Student loan is designed to help with your payments towards the costs of a higher education course.
It is normally issued by a service managed by the Student Loan Company called Student Finance Direct, in partnership with the Department for Education and Skills and local authorities.
The loan accrues interest from the day it is paid. The good part is that the interest rate is linked to the inflation in line with the Retail Prices Index, which means you only really repay the amount you borrow with no profit made on the loan itself.
Do I qualify?
You qualify to take out a student loan if you are a part-time Initial Teacher Training student and are in full-time higher education.
If you are an existing student you will be able to take out either a Student Loan for Maintenance or a Student Loan for Fees.
On top of that, there are some other types of financial help you may be entitled to.
What's Student Loan for Maintenance?
The Student Loan for Maintenance is designed to help you with your living costs during term times and holidays.
The amount of money you can have will depend on a few factors like your household income, whether you live at home while you are studying and whether or not you receive any Maintenance Grant and how much.
The amount of Student Loan for Maintenance you can borrow will not be affected by the Special Support Grant, if you receive any.
You will normally get a smaller loan in your final year at University, as there is no holiday period to cover you for and you will only need until the end of the final term.
You can apply for the non income assessed Student Loan and get around 75 per cent of the maintenance money regardless of your household income.
Whether or not you can apply for the rest of it will depend on your household income (?income assessed loan?).
As a rule The Student Loan for Maintenance is paid in three installments directly into your back account at the start of each term.
The Student Loan for Fees is paid straight to your university or college by Student Finance Direct.
Repayments
They are due starting from April after your course is finished (at the start of the new financial year).
You are expected to repay 9% of your earnings over ?15,000pa or the monthly/weekly equivalents.
For example, if you are earning ?18,000 a year you will have to pay back nine per cent of ?3,000, which works out at approximately ?5.19 a week.
And so, the more you earn, the faster you will repay the loan. You can repay more than this if you decide to.

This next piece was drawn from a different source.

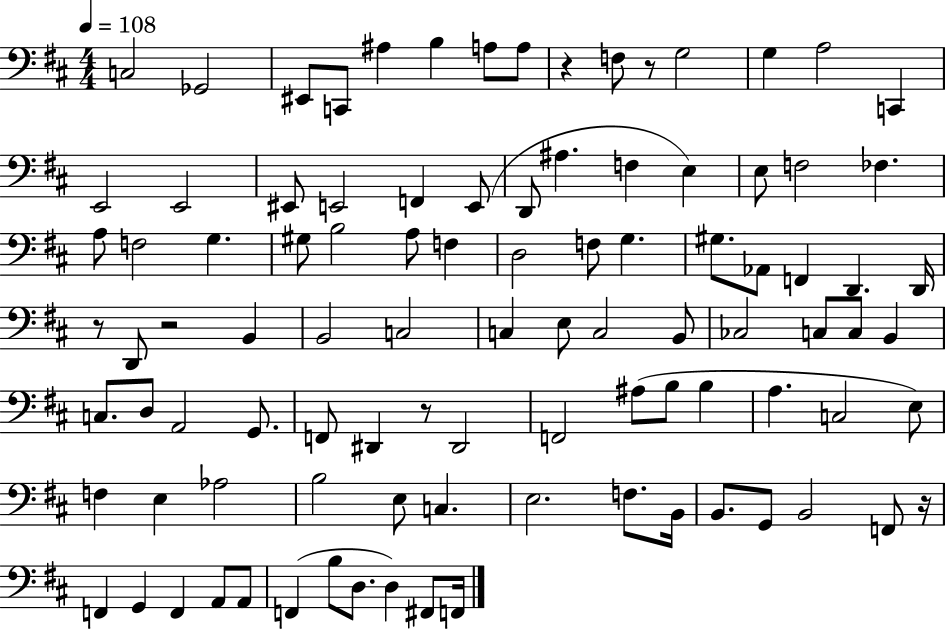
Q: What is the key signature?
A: D major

Outstanding loans will be written off when you reach 65.
What Is Student Loan
Nearly half of all college graduates have reported taking out some sort debt in order to help finance their education. Since most graduates do take out debt to pay for their college, many are choosing to use student loan consolidation to help relieve their financial burden after graduation. The following paragraphs will take a closer look at what this is, as well as discuss the interest rates associated with the issue.

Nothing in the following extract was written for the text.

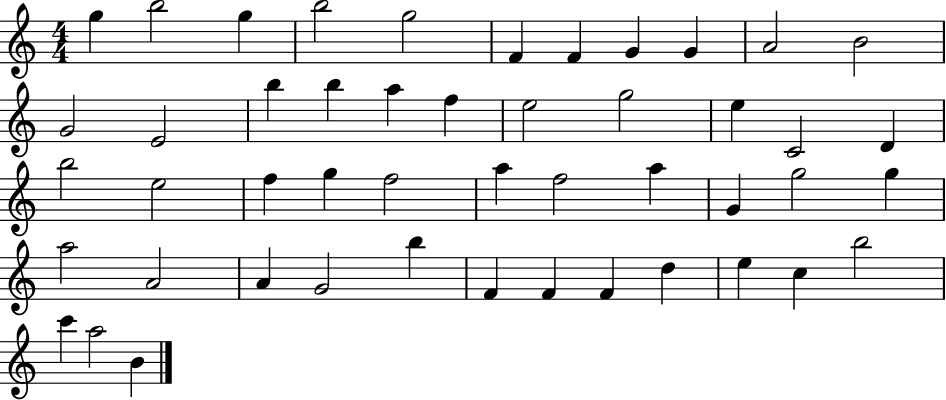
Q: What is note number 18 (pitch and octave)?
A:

It is the act of combining more than one student loan into one loan, then repay all of the initial debt with just one monthly payment. Commonly with this is, the monthly payment will be lower than the payments of the combined unconsolidated loans, as well as the rates of interest. You can also chose time limits up to 30 years to repay the new debt. While this is all beneficial thus far, there is one clear disadvantage associated with it.
It is a true fact that you get a longer time period for repayment when you consolidate your debt, and most commonly a lower monthly payment, but that means you will be paying back far more interest than you would have paid with your original agreements. In other words, you will get more time to pay back your debt, with a lower interest rate, but you will be required to pay this interest for the entire duration of you student loan consolidation agreement.

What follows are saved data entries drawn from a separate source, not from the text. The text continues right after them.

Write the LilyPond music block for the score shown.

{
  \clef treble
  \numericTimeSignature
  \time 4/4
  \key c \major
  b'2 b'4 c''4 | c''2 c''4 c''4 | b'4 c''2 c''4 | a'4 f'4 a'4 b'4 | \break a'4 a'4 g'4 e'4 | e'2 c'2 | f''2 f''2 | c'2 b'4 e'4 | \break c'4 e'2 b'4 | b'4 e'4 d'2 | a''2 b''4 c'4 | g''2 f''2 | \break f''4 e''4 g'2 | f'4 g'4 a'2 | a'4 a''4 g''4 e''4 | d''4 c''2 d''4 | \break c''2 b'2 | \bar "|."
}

Currently, the common rates are fixed for the life of the loan, which is another advantage. Most private student loan rates are variable, and can change at any time during the contract. Having a fixed rate means you will have the same interest rate throughout the duration of your agreement; it will never change.
So, while you will likely have to pay back more interest when you consolidate, there are many advantages that can outweigh that disadvantage. If you are considering this, first do your research to ensure you get the best result suited for your individual needs.
If you need more information on the subject, you can use the Internet. By utilizing your favorite search engine, you can generate a list of links that can help you to determine if student loan consolidation can help you. Just enter "student loan consolidation" into the search engine to generate the list.
It has helped many people after graduation to help manage the debt they incurred through their education.
If you are still trying to decide whether or not consolidation is right for you, you may need to do some research, and learn all the facts before you can make an informed decision. Not knowing all the facts could lead you into making the wrong decision, as well as cause you to get a higher interest rate.